<<<<

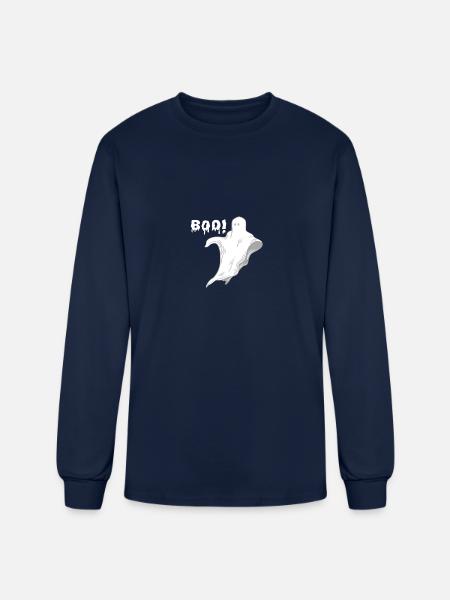 BOO - Men's Long Sleeve T-Shirt - navy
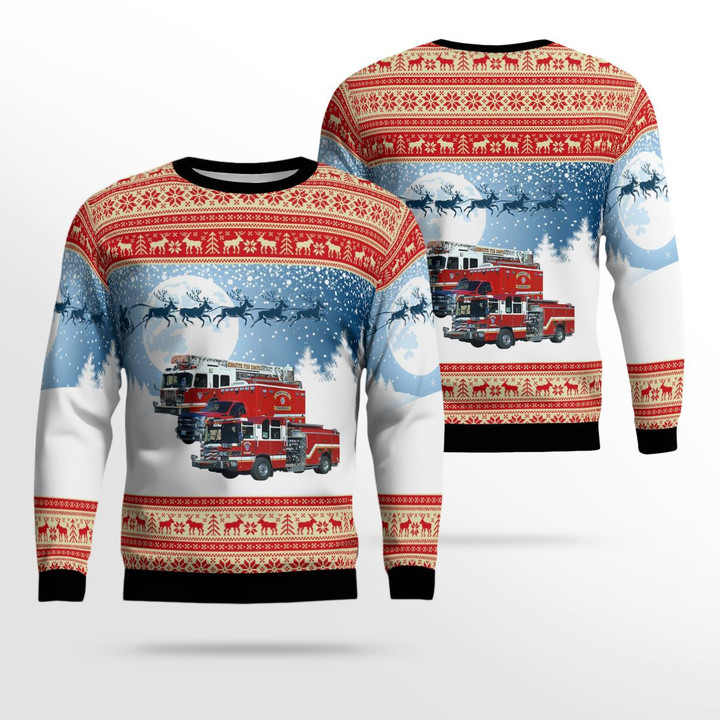 Mesquite, Nevada, Mesquite Fire & Rescue Department Station 3 – Witwer Trail AOP Ugly Sweater DLTD2811BG02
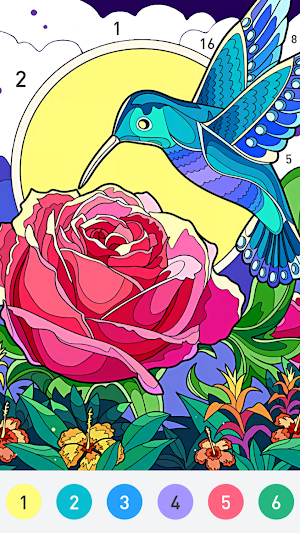 Fancy Color - Paint By Number Screenshot 1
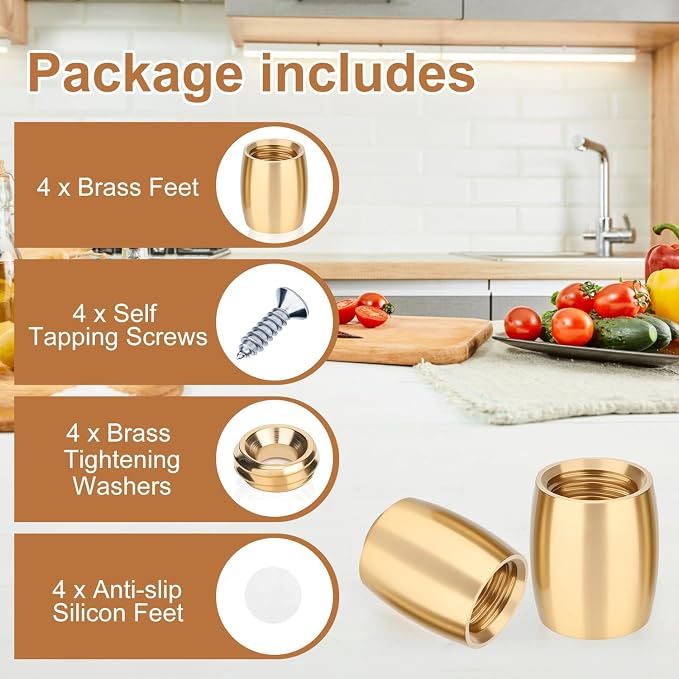 Brass Cutting Board Feet，Complete - Image 4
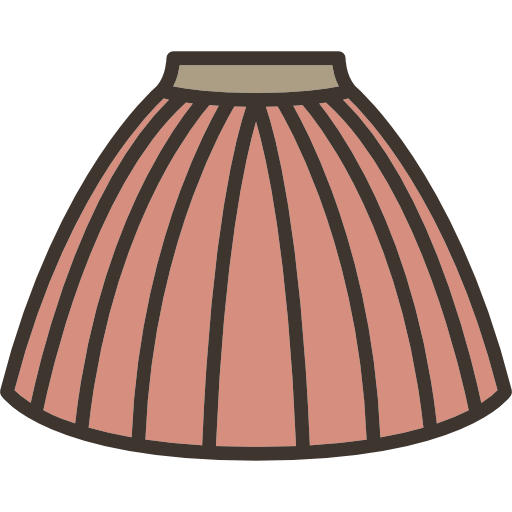 Юбка раскраска для детей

>>>>

> [Work request]: All that is needed is an exact copy of the lines from the line with "Mesquite, Nevada, Mesquite" through the end of the listing, both ends included, with no pictures.

> [Answer for the task]:
 Mesquite, Nevada, Mesquite Fire & Rescue Department Station 3 – Witwer Trail AOP Ugly Sweater DLTD2811BG02
 Fancy Color - Paint By Number Screenshot 1
 Brass Cutting Board Feet，Complete - Image 4
 Юбка раскраска для детей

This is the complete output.